Caption-style text data

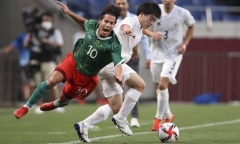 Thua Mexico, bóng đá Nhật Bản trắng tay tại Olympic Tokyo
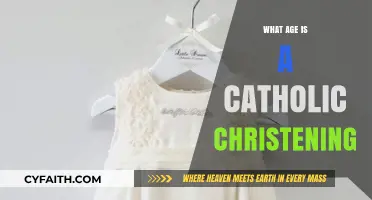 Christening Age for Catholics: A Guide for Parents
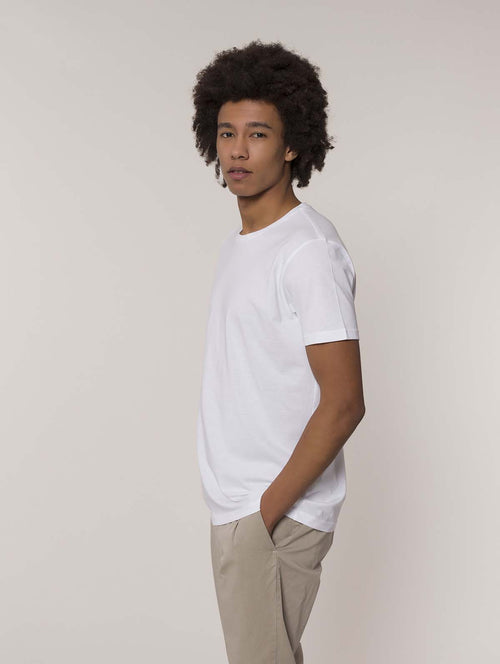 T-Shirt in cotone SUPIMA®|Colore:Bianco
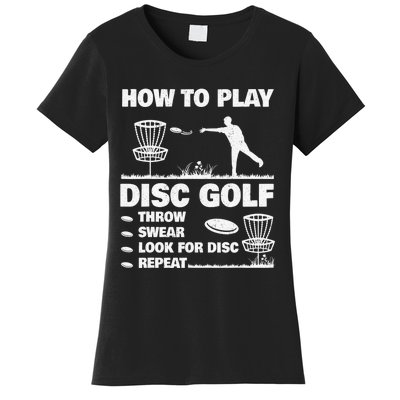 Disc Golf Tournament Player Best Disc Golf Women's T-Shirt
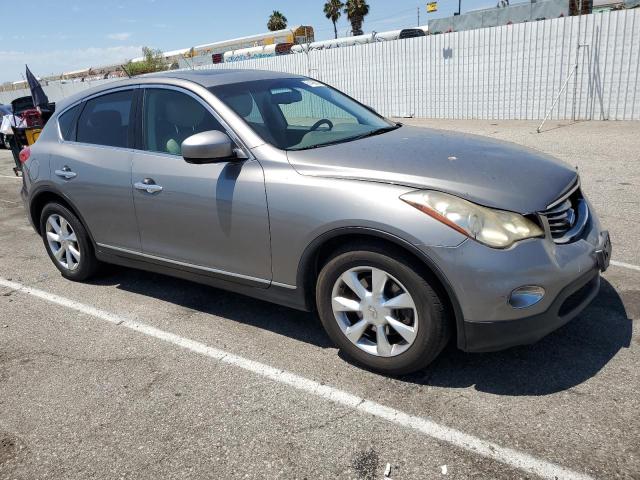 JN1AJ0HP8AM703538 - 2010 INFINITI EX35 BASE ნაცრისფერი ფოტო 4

--

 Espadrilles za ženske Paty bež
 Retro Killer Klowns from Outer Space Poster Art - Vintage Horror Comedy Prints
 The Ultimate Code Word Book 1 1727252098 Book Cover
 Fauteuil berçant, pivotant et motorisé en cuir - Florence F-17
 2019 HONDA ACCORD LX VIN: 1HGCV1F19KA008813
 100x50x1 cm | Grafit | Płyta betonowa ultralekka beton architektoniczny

...

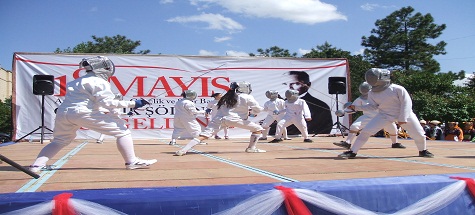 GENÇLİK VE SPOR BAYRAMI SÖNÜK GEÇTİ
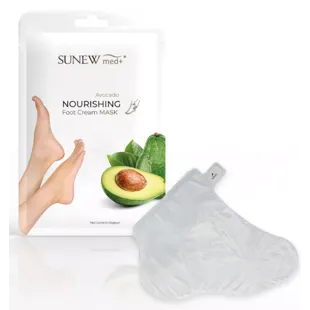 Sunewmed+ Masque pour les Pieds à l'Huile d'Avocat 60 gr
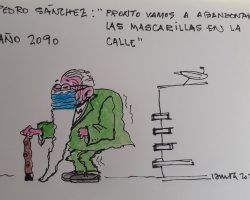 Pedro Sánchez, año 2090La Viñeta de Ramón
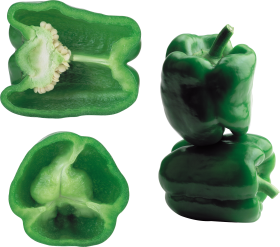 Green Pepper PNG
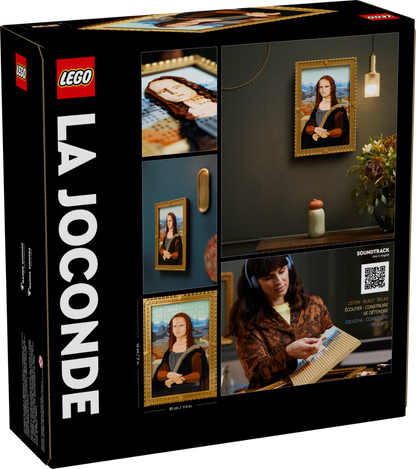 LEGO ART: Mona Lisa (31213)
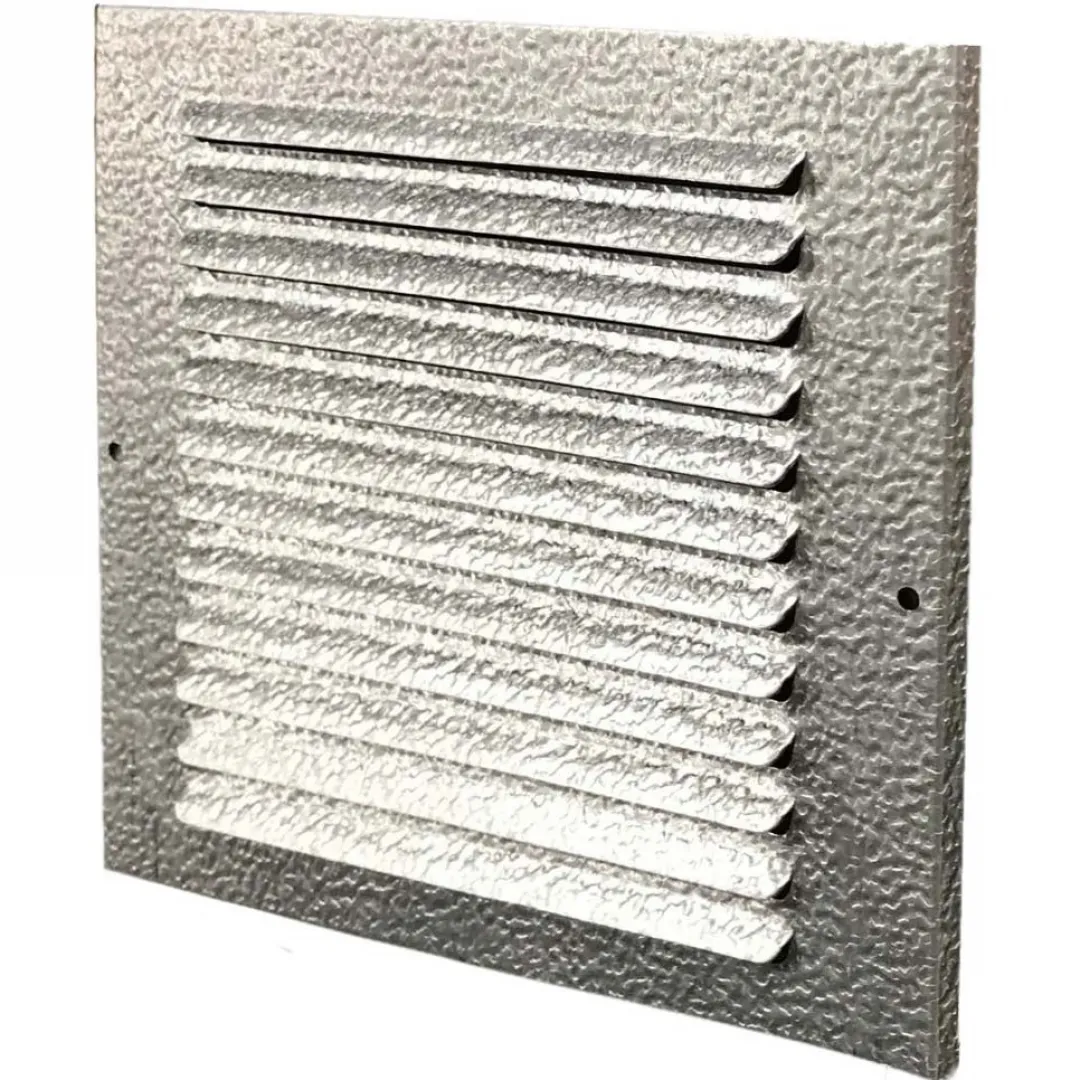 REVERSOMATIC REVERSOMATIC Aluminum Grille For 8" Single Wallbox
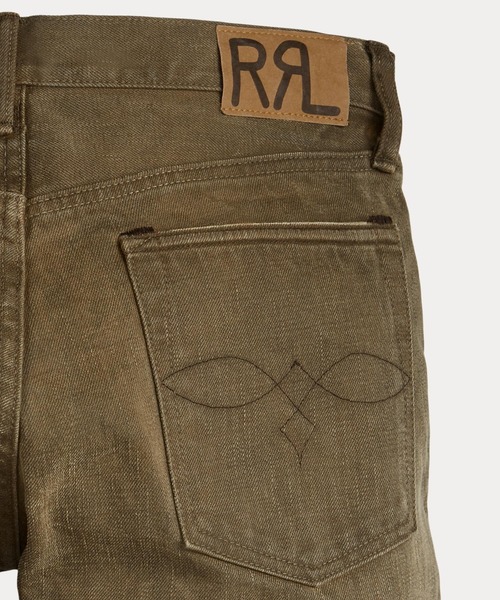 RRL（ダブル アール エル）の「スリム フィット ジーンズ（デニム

TASK: Only one stretch of the data is wanted: write out exactly the lines from the one holding "GENÇLİK VE SPOR BAYRAMI SÖNÜK GEÇTİ" through the one holding "RRL（ダブル アール エル）の「スリム フィット ジーンズ（デニム", both included, without the pictures.

SOLUTION FOR THIS TASK:
 GENÇLİK VE SPOR BAYRAMI SÖNÜK GEÇTİ
 Sunewmed+ Masque pour les Pieds à l'Huile d'Avocat 60 gr
 Pedro Sánchez, año 2090La Viñeta de Ramón
 Green Pepper PNG
 LEGO ART: Mona Lisa (31213)
 REVERSOMATIC REVERSOMATIC Aluminum Grille For 8" Single Wallbox
 RRL（ダブル アール エル）の「スリム フィット ジーンズ（デニム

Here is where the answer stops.